## Exercise:
Transcribe exactly, and only, the lines running from the one that contains "TOM TAILOR T-Shirt" through the last line of the material. No pictures.

Input records Block Start

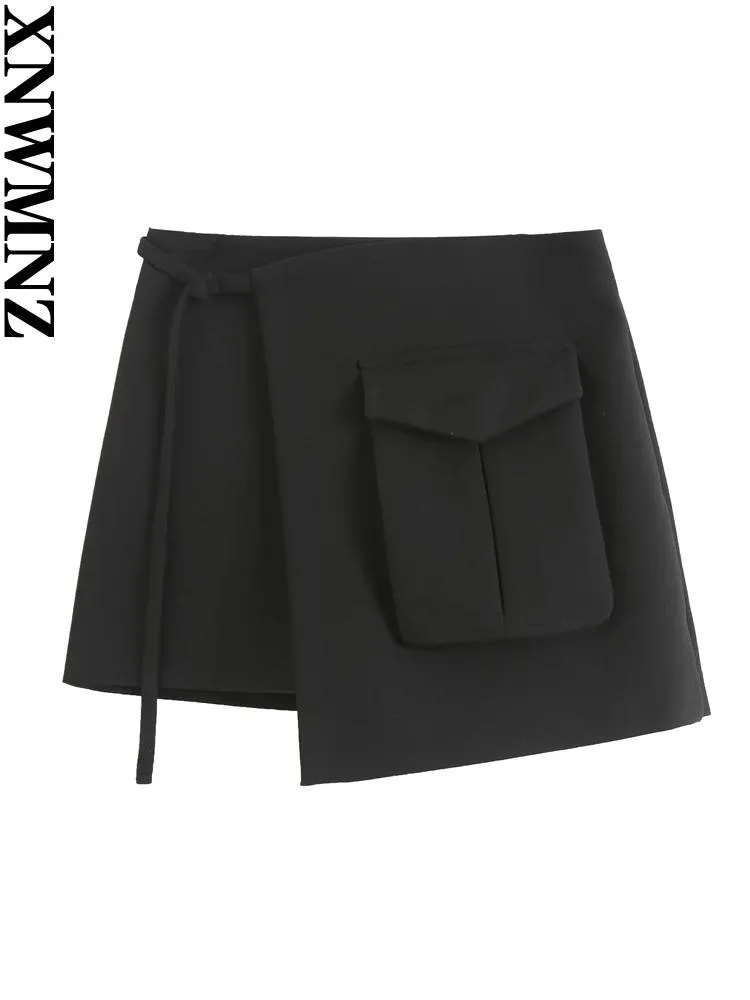 Spódnice xnwmnz 2023 Kobiety moda mody kieszonkowa kieszonkowa Skort Woman High Street Tie Side Zipper Casual Female Chic Shorts Spódnica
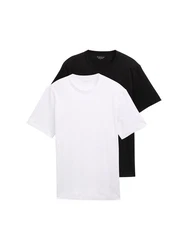 TOM TAILOR T-Shirt Basic T-Shirts (im Doppelpack) Weiß/Creme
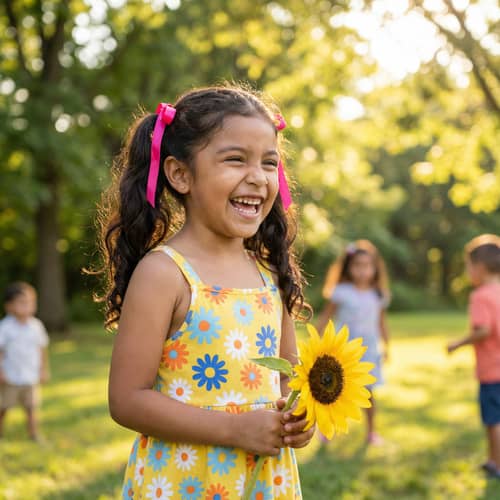 Joyful Hispanic Girl in a Sunny Park | Smiling and Playing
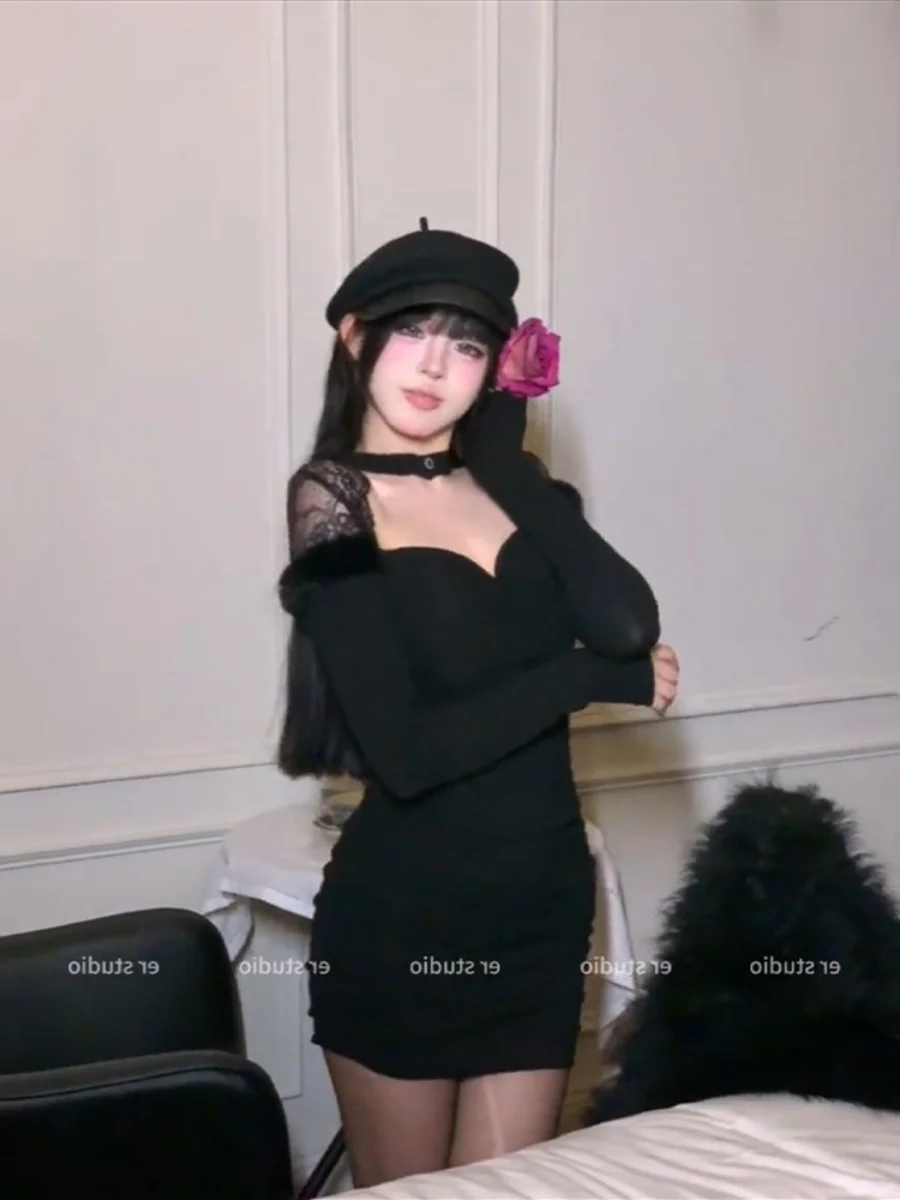 Pure Sexy Lace Furry Patchwork Hollow Long sleeve dress Women Winter New Waist Hugging Hip Skirt Short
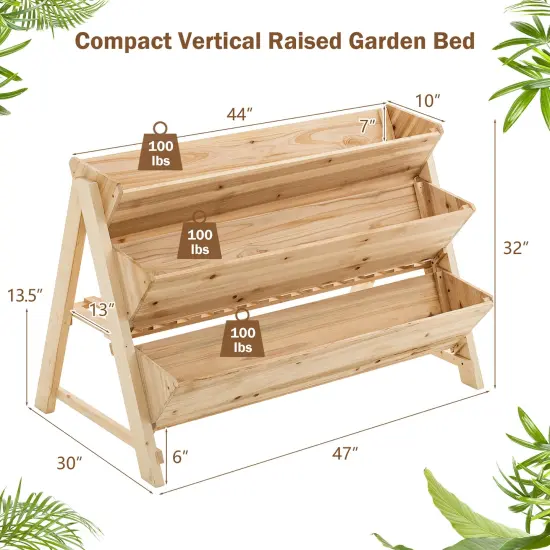 3 Tier Wooden Vertical Raised Garden Bed with Storage Shelf {2}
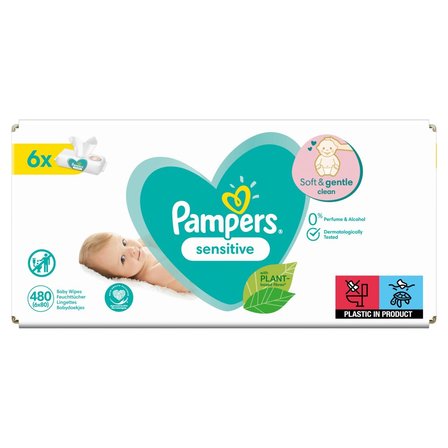 pampers sensitive chusteczki nawilżane 6x56szt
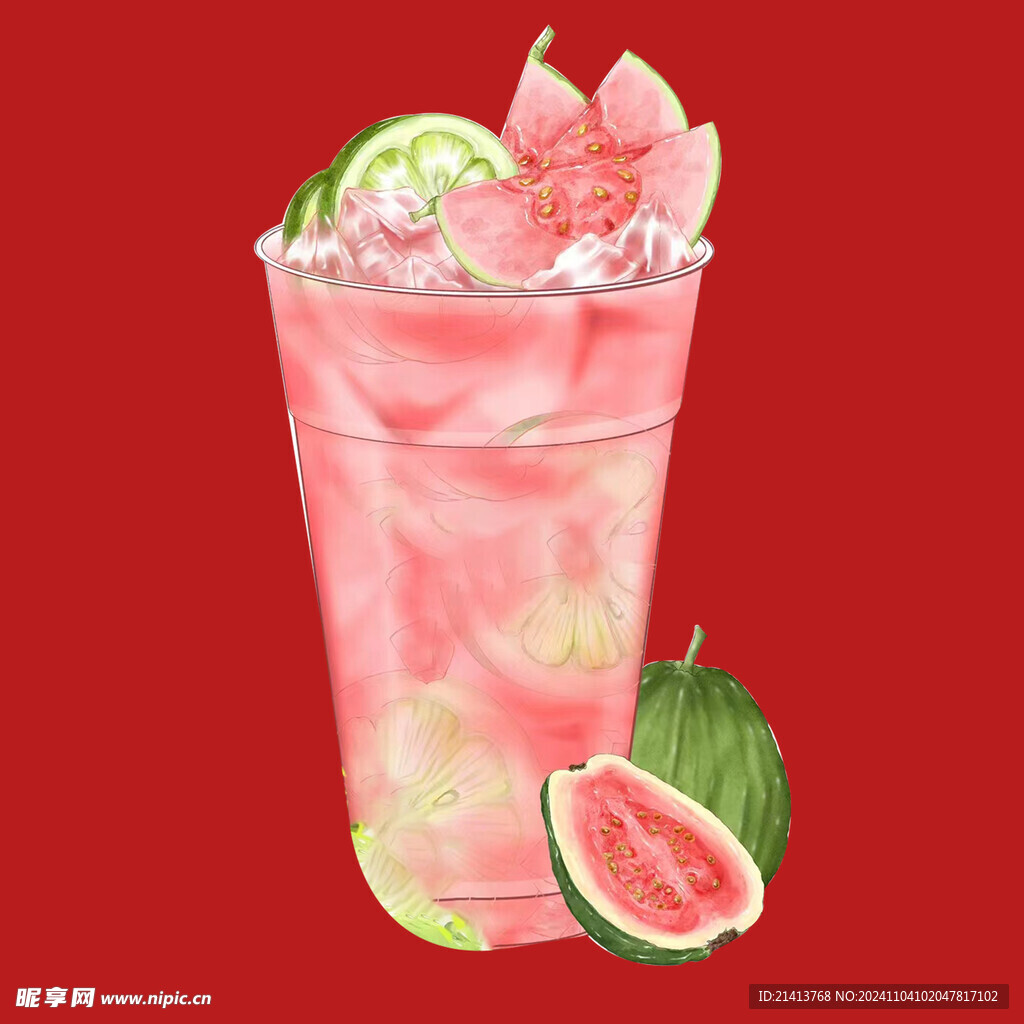 手绘水果奶茶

Input records Block End

## Answer to this task:
 TOM TAILOR T-Shirt Basic T-Shirts (im Doppelpack) Weiß/Creme
 Joyful Hispanic Girl in a Sunny Park | Smiling and Playing
 Pure Sexy Lace Furry Patchwork Hollow Long sleeve dress Women Winter New Waist Hugging Hip Skirt Short
 3 Tier Wooden Vertical Raised Garden Bed with Storage Shelf {2}
 pampers sensitive chusteczki nawilżane 6x56szt
 手绘水果奶茶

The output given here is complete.